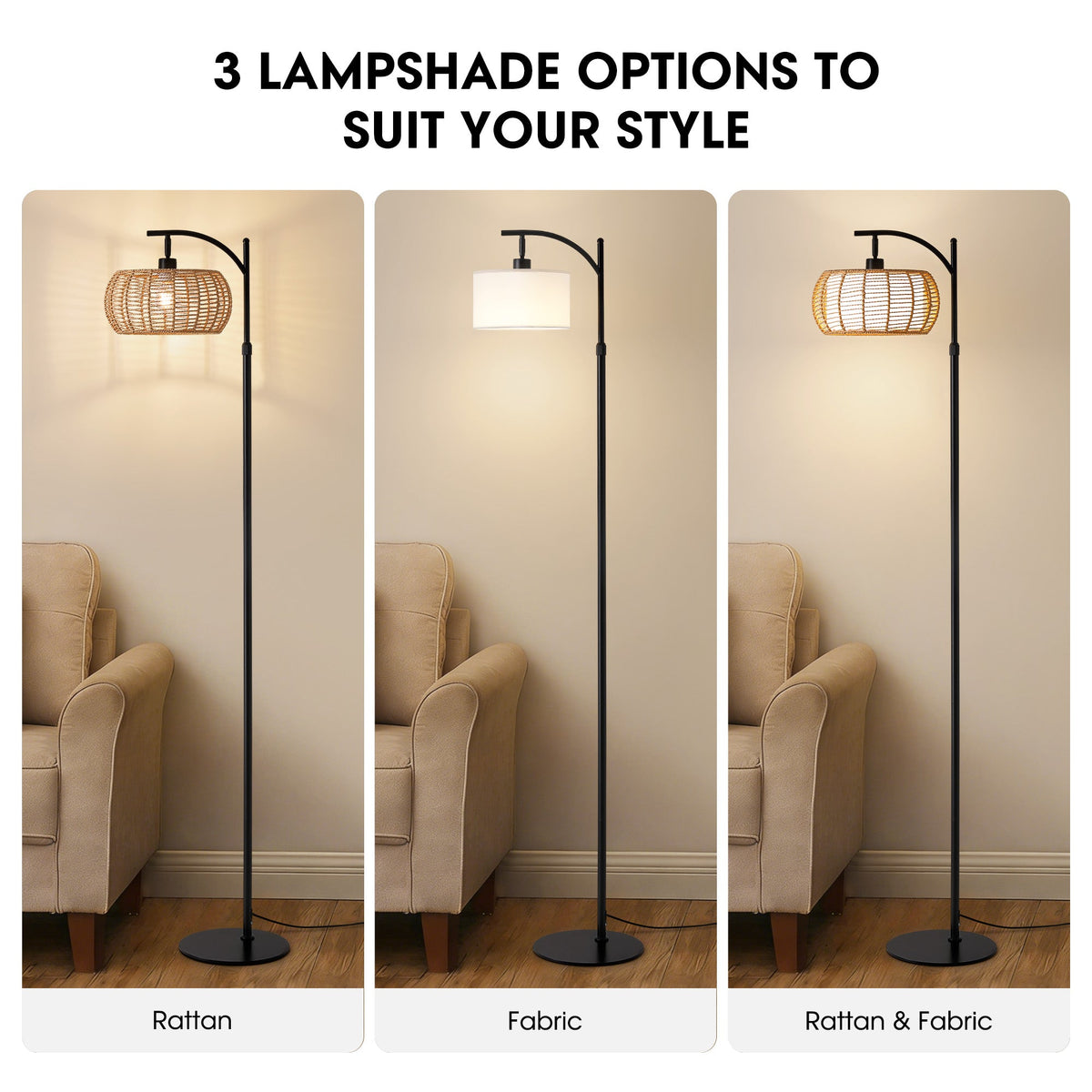 71 in. Black Boho 1-Light Standard Floor Lamp with Rattan and Fabric Shade for Living Room(Bulb not Included)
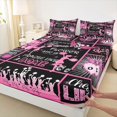 thumbnail image 3 of Homewish Cheer Life Queen Sheet Sets,Gymnastics Dancing Lovers Flat Sheet,Pink Glitter Print Queen Fitted Sheet For Girls Boys,Microfiber Bedroom Decor,4 Pieces, 3 of 7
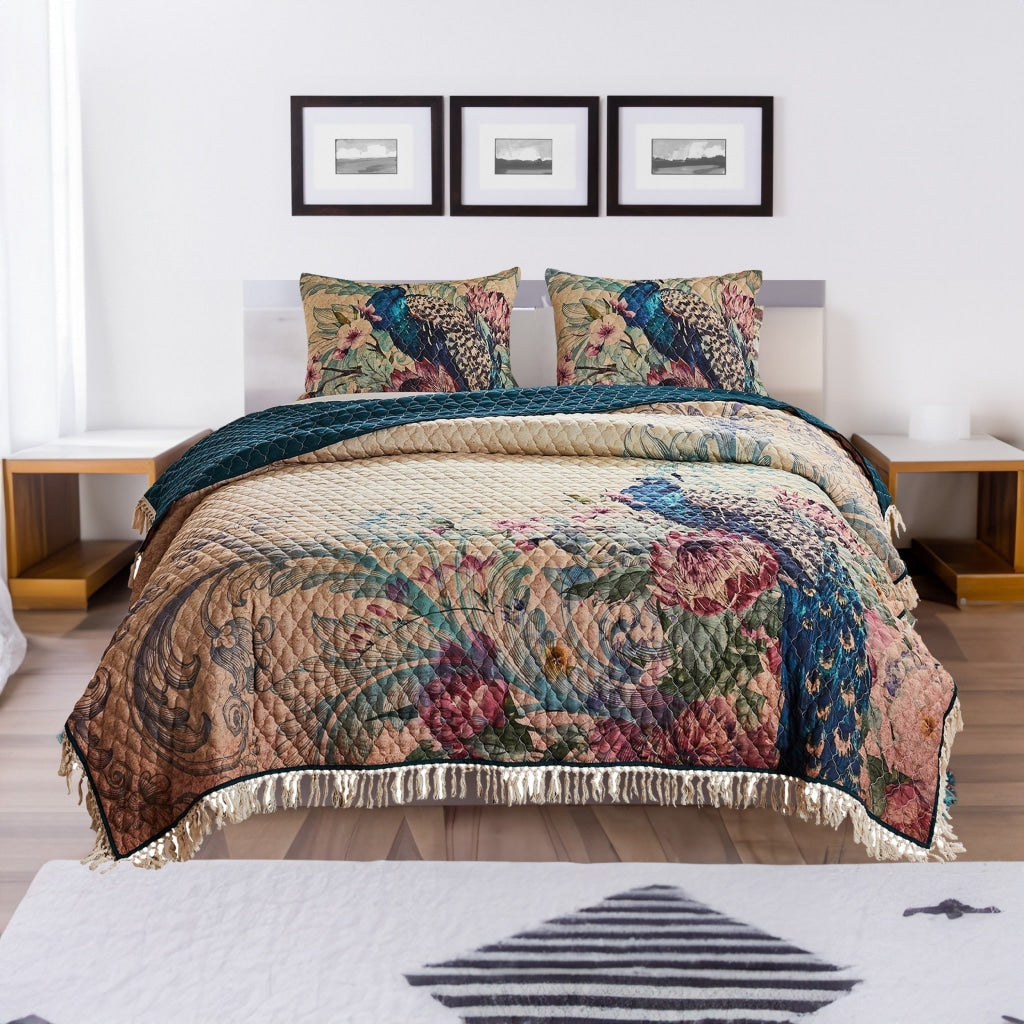 3 Piece King Size Quilt Set with Floral Print and Crochet Trim, Multicolor By Casagear Home
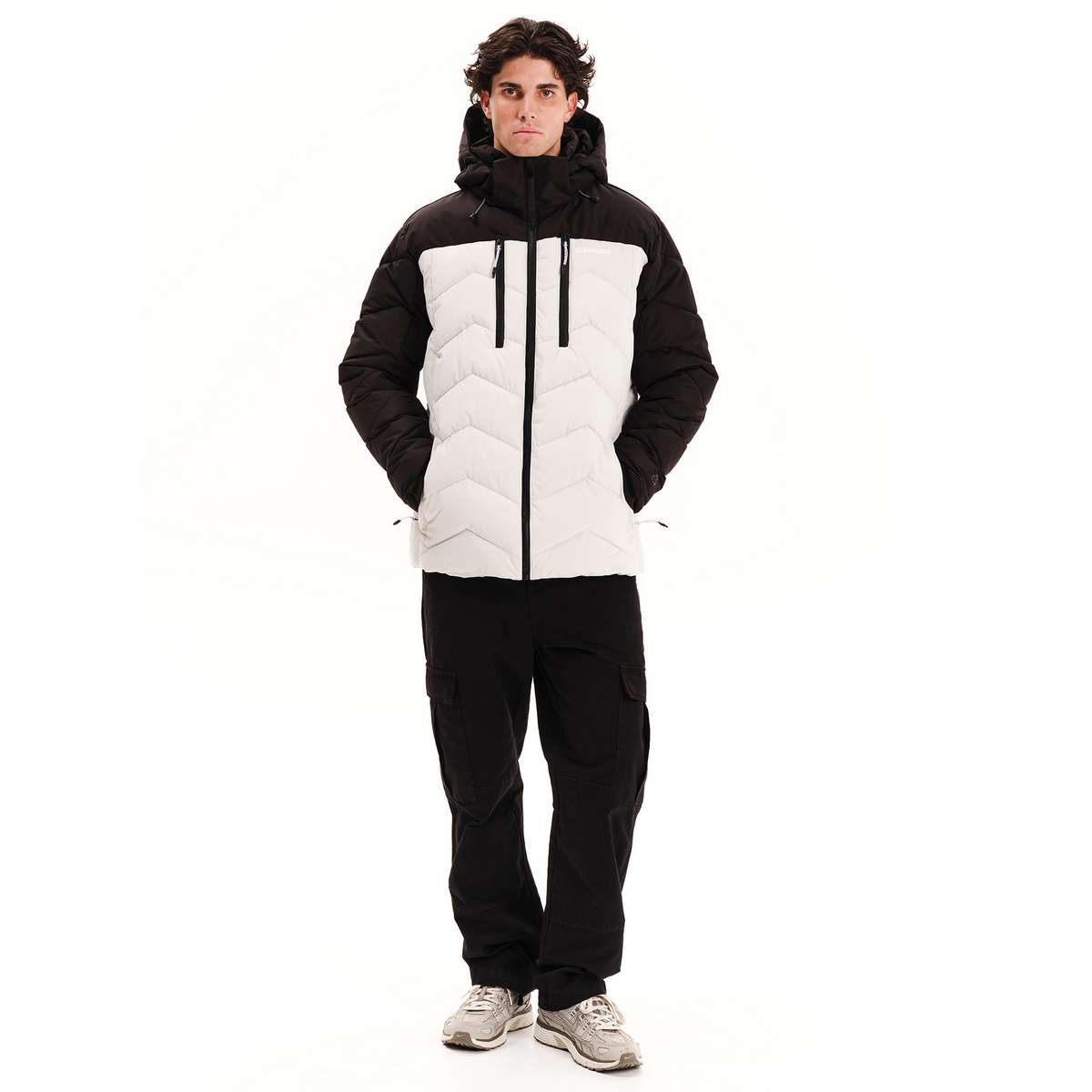 EMERSON MEN’S REGULAR FIT POLYESTER PUFFER JACKET CLAY GREY/BLACK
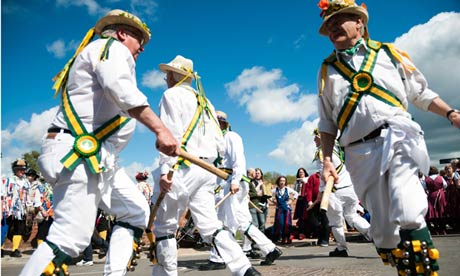 Morris men dancing at Upton-upon-Severn folk festival, UK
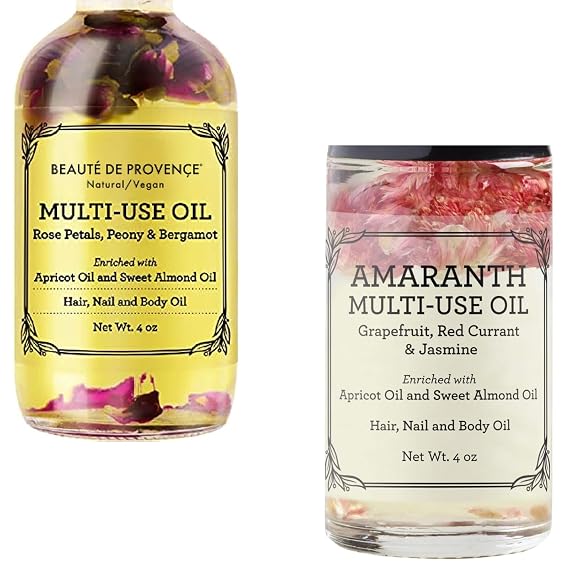BEAUTE DE PROVENCE Amaranth Roll-On Perfume Oil Light Floral Scented Body Oil with Rose and Vitamin E Multi-Use Moisturizer, 0.34 fl oz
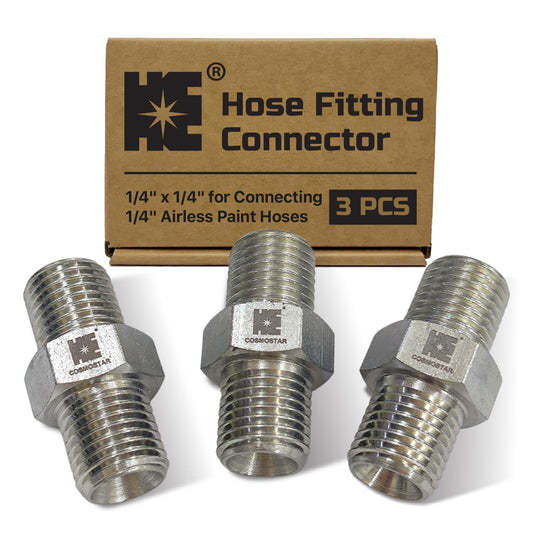 Cosmostar 1/4" x 1/4" Hose Fitting for Connecting 1/4" Airless Paint Hoses, Compatible with 243025-3 pcs(NGG0404S-3P)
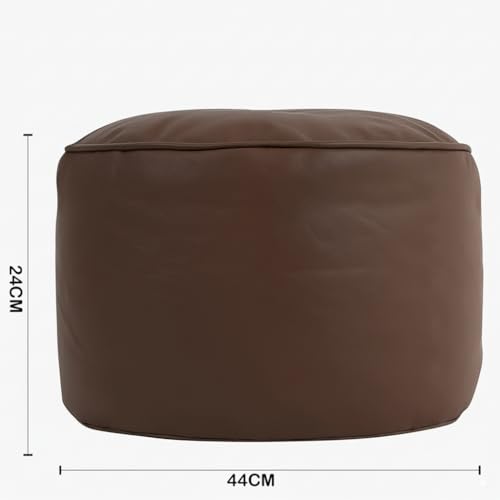Image of Premium Faux Leather Footstool /Footrest /Pouffe | EPS Beans Filled | Ready to Use | Soft Cushioned Ottoman | Durable Leatherette Finish | Living Room, Bedroom & Office Color- (Brown)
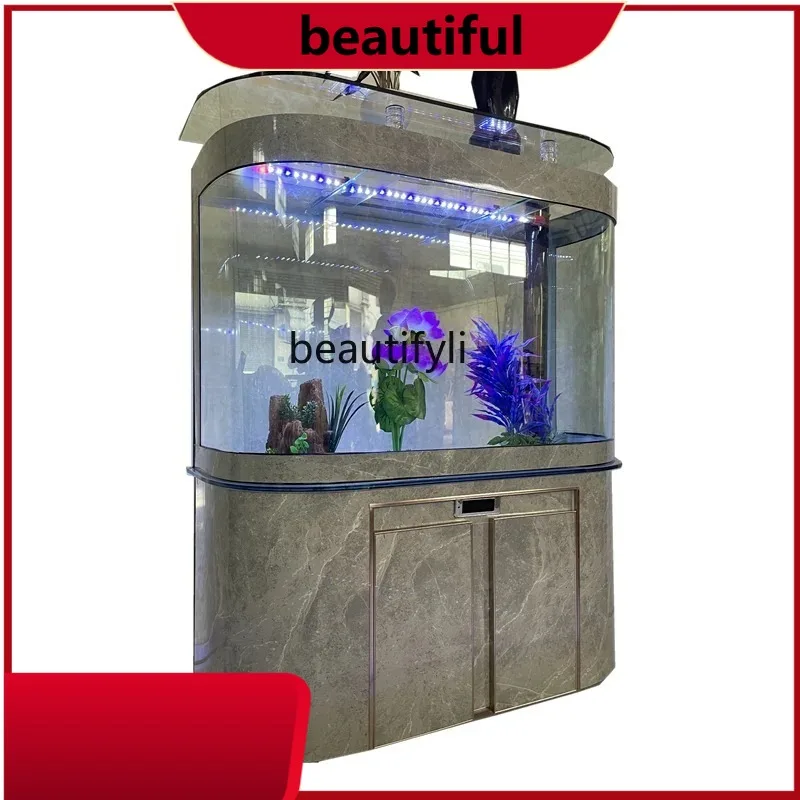

Fish Tank Living Room Home Wall Double round Arc Bottom Filter Floor Ecological Change-Free Aquarium H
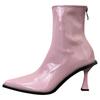 Good Han! Gentle Lavender Pointed High-heeled Short Boots Women's 2024 Autumn Patent Leather Spring and Autumn Single Boots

......

Work instructions: Only the lines from the line with "EMERSON MEN’S REGULAR" through the final line of the material belong in the answer, copied exactly and without pictures.

Exercise solution:
 EMERSON MEN’S REGULAR FIT POLYESTER PUFFER JACKET CLAY GREY/BLACK
 Morris men dancing at Upton-upon-Severn folk festival, UK
BEAUTE DE PROVENCE Amaranth Roll-On Perfume Oil Light Floral Scented Body Oil with Rose and Vitamin E Multi-Use Moisturizer, 0.34 fl oz
 Cosmostar 1/4" x 1/4" Hose Fitting for Connecting 1/4" Airless Paint Hoses, Compatible with 243025-3 pcs(NGG0404S-3P)
Image of Premium Faux Leather Footstool /Footrest /Pouffe | EPS Beans Filled | Ready to Use | Soft Cushioned Ottoman | Durable Leatherette Finish | Living Room, Bedroom & Office Color- (Brown)

Fish Tank Living Room Home Wall Double round Arc Bottom Filter Floor Ecological Change-Free Aquarium H
 Good Han! Gentle Lavender Pointed High-heeled Short Boots Women's 2024 Autumn Patent Leather Spring and Autumn Single Boots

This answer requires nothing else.